Exercise brief: Please, without any pictures, set down exactly the part of the listing below that opens with the line containing "Load image into" and closes with the line containing "ETHYL ESTER AldrichCPR".

Records shown:
--------

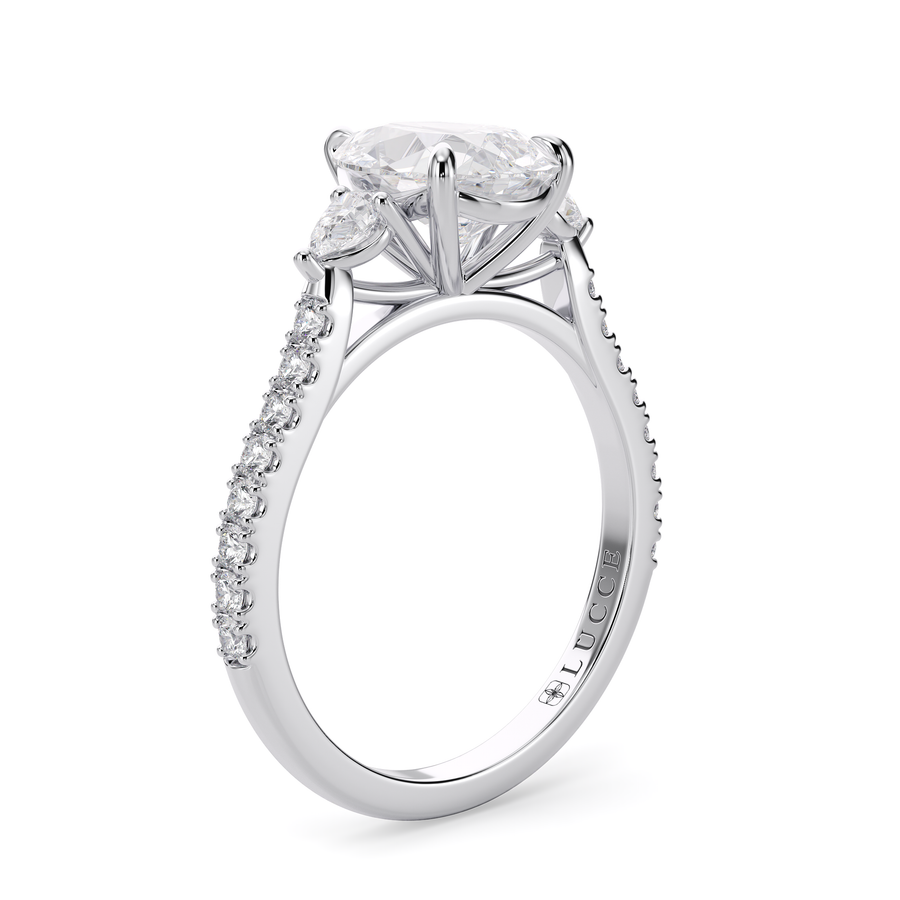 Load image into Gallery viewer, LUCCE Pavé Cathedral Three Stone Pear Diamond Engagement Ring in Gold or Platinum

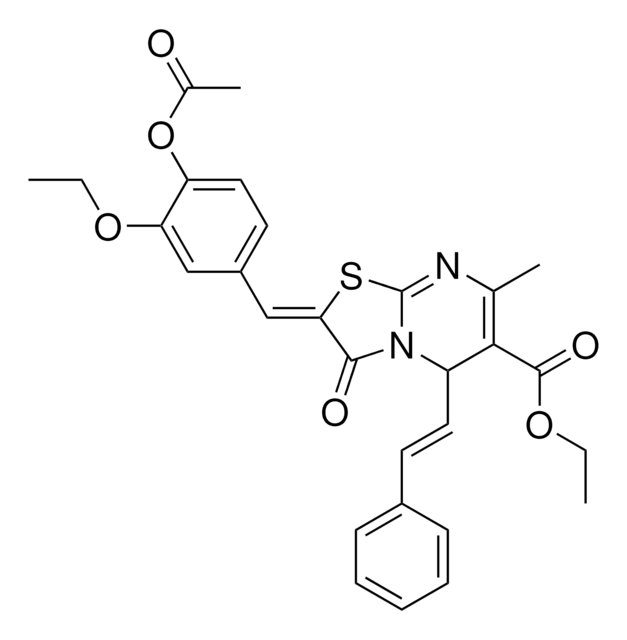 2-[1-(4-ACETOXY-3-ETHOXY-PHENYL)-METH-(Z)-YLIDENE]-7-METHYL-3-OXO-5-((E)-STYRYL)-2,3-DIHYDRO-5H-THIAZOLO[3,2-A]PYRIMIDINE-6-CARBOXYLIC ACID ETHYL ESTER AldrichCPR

--------

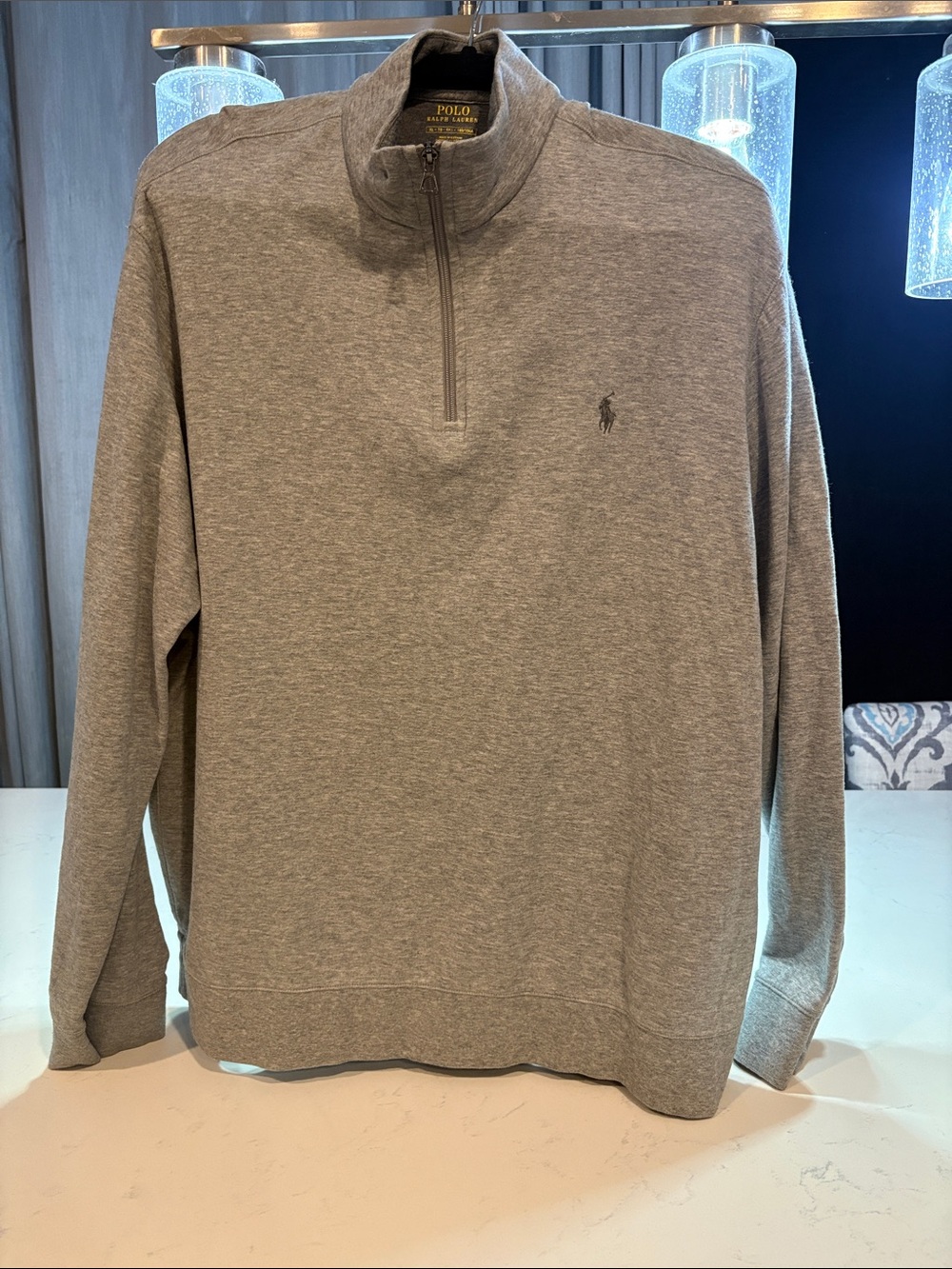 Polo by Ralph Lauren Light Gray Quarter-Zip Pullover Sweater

--------

Result below:
 Load image into Gallery viewer, LUCCE Pavé Cathedral Three Stone Pear Diamond Engagement Ring in Gold or Platinum

 2-[1-(4-ACETOXY-3-ETHOXY-PHENYL)-METH-(Z)-YLIDENE]-7-METHYL-3-OXO-5-((E)-STYRYL)-2,3-DIHYDRO-5H-THIAZOLO[3,2-A]PYRIMIDINE-6-CARBOXYLIC ACID ETHYL ESTER AldrichCPR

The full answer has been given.